In October, the Circular Electron–Positron Collider (CEPC) study group completed its full suite of technical design reports, marking a key step for China’s Higgs-factory proposal. However, CEPC will not be considered for inclusion in China’s next five-year plan (2026–2030).
“Although our proposal that CEPC be included in the next five-year plan was not successful, IHEP will continue this effort, which an international collaboration has developed for the past 10 years,” says study leader Wang Yifang, of the Institute of High Energy Physics (IHEP) in Beijing. “We plan to submit CEPC for consideration again in 2030, unless FCC is officially approved before then, in which case we will seek to join FCC, and give up CEPC.”
Electroweak precision
CEPC has been under development at IHEP since shortly after the discovery of the Higgs boson at CERN in 2012. To enable precision studies of the new particle, Chinese physicists formally proposed a dedicated electron–positron collider in September 2012. Sharing a concept similar to the Future Circular Collider (FCC) proposed in parallel at CERN, CEPC’s high-luminosity collisions would greatly improve precision in measuring Higgs and electroweak processes.
“CEPC is designed as a multi-purpose particle factory,” explains Wang. “It would not only serve as an efficient Higgs factory but would also precisely study other fundamental particles, and its tunnel can be re-used for a future upgrade to a more powerful super proton–proton collider.”
Following completion of the Conceptual Design Report in 2018, which defined the physics case and baseline layout, the CEPC collaboration entered a detailed technical phase to validate key technologies and complete subsystem designs. The accelerator Technical Design Report (TDR) was released in 2023, followed in October 2025 by the reference detector TDR, providing a mature blueprint for both components.
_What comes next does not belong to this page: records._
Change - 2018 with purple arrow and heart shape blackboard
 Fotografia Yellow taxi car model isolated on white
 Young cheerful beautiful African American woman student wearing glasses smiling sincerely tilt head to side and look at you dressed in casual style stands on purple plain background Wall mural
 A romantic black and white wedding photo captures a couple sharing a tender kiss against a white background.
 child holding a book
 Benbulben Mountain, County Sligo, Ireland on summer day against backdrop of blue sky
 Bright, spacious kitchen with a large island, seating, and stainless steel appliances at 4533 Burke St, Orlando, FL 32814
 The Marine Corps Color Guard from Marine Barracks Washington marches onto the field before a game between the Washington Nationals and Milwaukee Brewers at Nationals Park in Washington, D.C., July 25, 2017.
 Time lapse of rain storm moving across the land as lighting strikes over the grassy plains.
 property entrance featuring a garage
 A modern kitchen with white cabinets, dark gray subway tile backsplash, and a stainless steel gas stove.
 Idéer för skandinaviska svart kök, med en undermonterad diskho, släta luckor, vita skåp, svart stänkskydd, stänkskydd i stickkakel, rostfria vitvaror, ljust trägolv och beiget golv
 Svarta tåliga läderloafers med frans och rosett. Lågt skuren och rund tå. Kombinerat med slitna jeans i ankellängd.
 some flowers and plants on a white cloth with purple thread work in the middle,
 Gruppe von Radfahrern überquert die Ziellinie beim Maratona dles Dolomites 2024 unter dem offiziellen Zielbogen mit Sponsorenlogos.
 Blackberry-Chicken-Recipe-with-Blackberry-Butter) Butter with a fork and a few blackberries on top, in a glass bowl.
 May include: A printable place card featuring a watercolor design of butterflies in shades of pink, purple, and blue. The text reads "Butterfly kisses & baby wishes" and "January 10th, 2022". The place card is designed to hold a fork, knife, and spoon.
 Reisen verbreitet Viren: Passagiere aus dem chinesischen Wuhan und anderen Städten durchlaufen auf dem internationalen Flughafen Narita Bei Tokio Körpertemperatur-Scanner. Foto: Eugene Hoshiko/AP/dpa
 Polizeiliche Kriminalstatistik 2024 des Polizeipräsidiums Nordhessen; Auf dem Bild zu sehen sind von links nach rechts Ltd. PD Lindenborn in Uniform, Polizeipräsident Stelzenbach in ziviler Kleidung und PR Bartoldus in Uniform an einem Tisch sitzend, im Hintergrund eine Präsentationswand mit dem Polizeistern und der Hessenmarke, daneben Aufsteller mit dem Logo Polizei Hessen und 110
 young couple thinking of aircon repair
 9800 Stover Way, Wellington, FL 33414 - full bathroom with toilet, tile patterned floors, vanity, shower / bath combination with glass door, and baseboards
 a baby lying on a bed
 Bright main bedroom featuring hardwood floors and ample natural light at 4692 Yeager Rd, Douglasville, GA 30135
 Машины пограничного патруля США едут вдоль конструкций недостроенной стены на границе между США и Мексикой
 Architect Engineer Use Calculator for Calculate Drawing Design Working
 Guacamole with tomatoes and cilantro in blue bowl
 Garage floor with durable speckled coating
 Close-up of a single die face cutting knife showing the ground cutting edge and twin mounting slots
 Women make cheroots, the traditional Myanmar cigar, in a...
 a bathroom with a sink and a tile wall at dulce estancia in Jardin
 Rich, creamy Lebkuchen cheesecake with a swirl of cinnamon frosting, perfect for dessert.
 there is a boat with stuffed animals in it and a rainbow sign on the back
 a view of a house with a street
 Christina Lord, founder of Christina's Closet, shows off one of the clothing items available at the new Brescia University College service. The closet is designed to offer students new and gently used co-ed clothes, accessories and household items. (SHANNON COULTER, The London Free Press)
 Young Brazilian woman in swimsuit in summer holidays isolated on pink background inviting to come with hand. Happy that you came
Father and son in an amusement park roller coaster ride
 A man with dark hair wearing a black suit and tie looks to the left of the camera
Although our proposal that CEPC be included in the next five-year plan was not successful, IHEP will continue this effort
Wang Yifang
Compared to the 2018 detector concept, the new technical report proposes several innovations. An electromagnetic calorimeter based on orthogonally oriented crystal bars and a hadronic calorimeter based on high-granularity scintillating glass have been optimised for advanced particle-flow algorithms, improving their energy resolution by a factor of 10 and a factor of two, respectively. A tracking detector employing AC-coupled low-gain avalanche-diode technology will enable simultaneous 10 µm position and 50 ps time measurements, enhancing vertex and flavour tagging. Meanwhile, a readout chip developed in 55 nm technology will achieve state-of-the-art performance at 65% power consumption, enabling better resolution, large-scale integration and reduced cooling-pipe materials. Among other advances, a new type of high-density, high-yield scintillating glass forms the possibility for a full absorption hadronic calorimeter.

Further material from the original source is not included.